**About this task**
Further down are entries; set down exactly and only the lines from the one with "Apartman Ginepri Lido Altanea *" up to and including the one with "Opus Schal AMOVI", dropping each picture.

**The input**
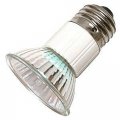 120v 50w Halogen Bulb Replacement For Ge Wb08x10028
==
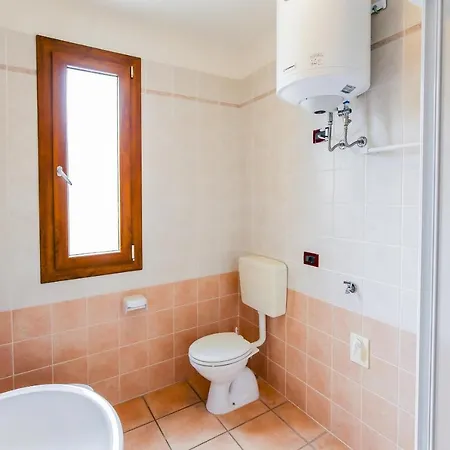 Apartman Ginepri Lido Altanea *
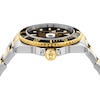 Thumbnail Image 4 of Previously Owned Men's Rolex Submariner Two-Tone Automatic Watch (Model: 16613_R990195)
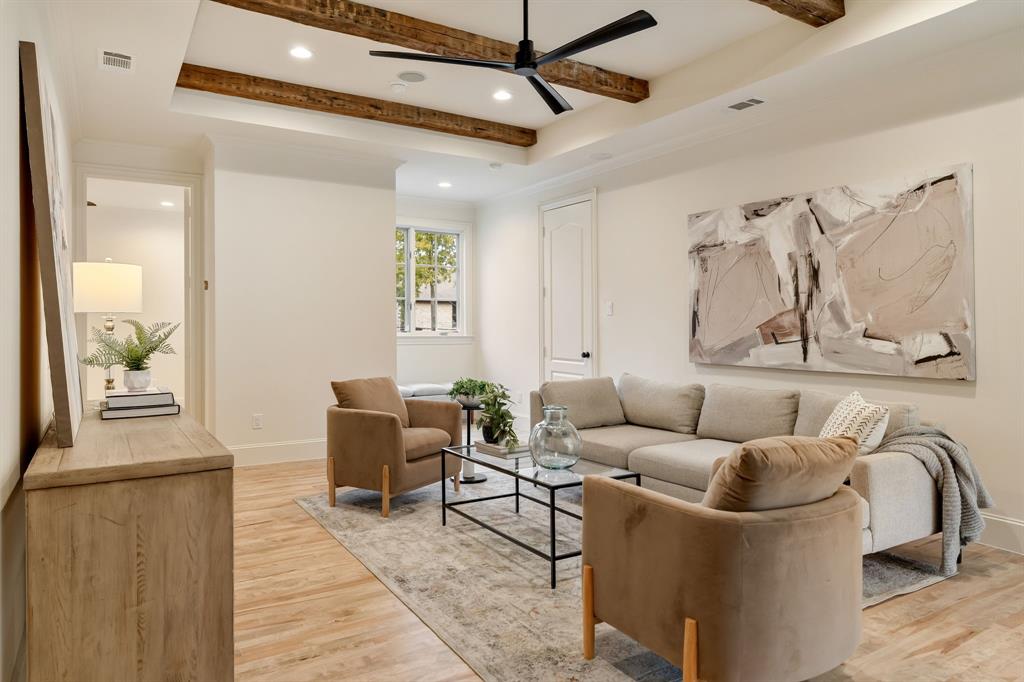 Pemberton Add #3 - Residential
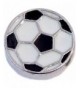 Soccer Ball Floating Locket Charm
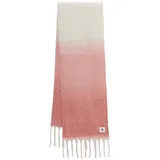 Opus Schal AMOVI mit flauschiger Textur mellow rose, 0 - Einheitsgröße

**Output for this task**
 Apartman Ginepri Lido Altanea *
 Thumbnail Image 4 of Previously Owned Men's Rolex Submariner Two-Tone Automatic Watch (Model: 16613_R990195)
 Pemberton Add #3 - Residential
 Soccer Ball Floating Locket Charm
 Opus Schal AMOVI mit flauschiger Textur mellow rose, 0 - Einheitsgröße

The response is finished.